In Arts & Letters, Communication, Film, Information Design, Legal Education & Pedagogy, Scarface, Semiotics on August 12, 2010 at 4:17 pm

Brian de Palma’s Scarface (1983) adopts and adapts several conventions of the gangster genre that feature prominently as icons on posters and in trailers for the film.

These conventions constitute and perpetuate the narrative image of “gangster” that audiences have come to expect from gangster films.  Big guns, flashy jewels, impeccable suits, sexy women—these are the signifiers de Palma employs as semantics of the gangster genre.  They summon forth ideas of “the gangster” before audiences ever see the film.

Scarface is a remake of another gangster film.  Viewers who are unaware of this fact will nevertheless recognize the gangster signs and symbols used to market it.  Tony Montana’s image remains popular today, some twenty-seven years after the film’s production.  Scarface has become a lasting contribution to our national culture.      

Poster A below never declares that Scarface is a “gangster film,” but viewers will recognize the gangster genre in it.  The image of Tony split in half—black and white, good and evil—recalls the Jekyll-and-Hyde, romanticized gangster, a man at once decent and tragically flawed, a renegade tough guy with a soft spot and a sense of loyalty.

The poster is modeled on film noir, that cinematic genre known for black-and-white images, silhouettes, shadows, and low-key lighting.  French gangster films such as Jacques Becker’s Touchez Paz au Grisbi (1954), Jules Dassin’s Riffifi (1955), and Jean-Pierre Melville’s Bob le Flambeur (1956) present the noir style that became a convention of gangster films.  American filmmakers also experimented with noirish visuals. Consider Henry Hathaway’s Kiss of Death (1947) and John Huston’s The Asphalt Jungle (1950).

Signaling noir means assembling visual and stylistic elements attributable to the gangster genre.  Francis Ford Coppola’s The Godfather (1972) borrowed from noir.  He and his public relations team used noir not only in the film but also in posters and trailers for the film.

Following the lead of Jean-Pierre Melville’s Le Samourai (1967), The Godfather demonstrated that noir could be modernized and modified and was not merely the product of an age of black-and-white motion pictures.  It became a form of “neo-noir,” a name for a modified noir style.
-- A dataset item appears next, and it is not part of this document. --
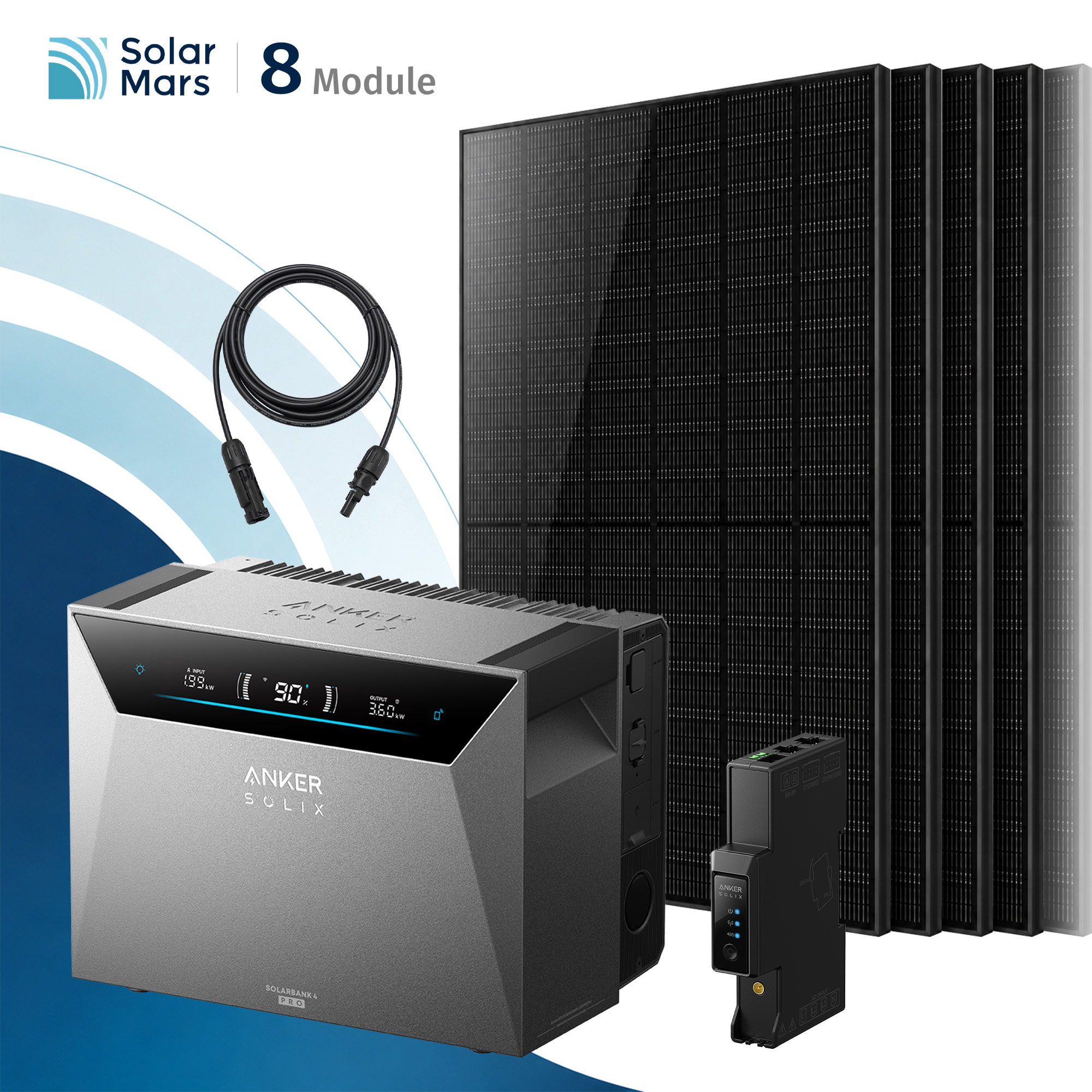 Solarmars&reg; 4000W Balkonkraftwerk mit Speicher, Anker SOLIX Solarbank 4 E5000 Pro,5kWh - Ohne Halterung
Because of The Godfather’s enduring popularity, de Palma could not ignore it.  The black-and-white silhouette of Tony in Poster A may represent a copy of Vito Corleone:

De Palma chose Al Pacino—who played in The Godfather and became associated with the gangster stock-type—to play Tony.  Pacino’s gangster image was well established by the making of Scarface.

Poster A recalls Pacino’s gangster persona from The Godfather through associative images: a fancy suit, a big ring, a phallic gun.  These patterned images enable predictions of the subsequent story conveyed through and with other visual elements (e.g., the frames within the film).  The poster signals images and patterns from earlier gangster films and projects and defines audience expectation.

The icon of the long-barreled gun features prominently in Poster A.  The gun is a predictable semantic of the gangster genre; a film without a gun cannot be a gangster film.  For decades movie posters propagated images of guns to promote a particular film as “gangster.”  Nearly all commercial images of Tony include guns.  Posters B and C are but two representative samples:

Poster B features three guns: two pistols and Tony’s “little friend,” an M16 assault rifle.  Poster C displays the M16, which enables and affirms the expectation that the gangster genre is involved.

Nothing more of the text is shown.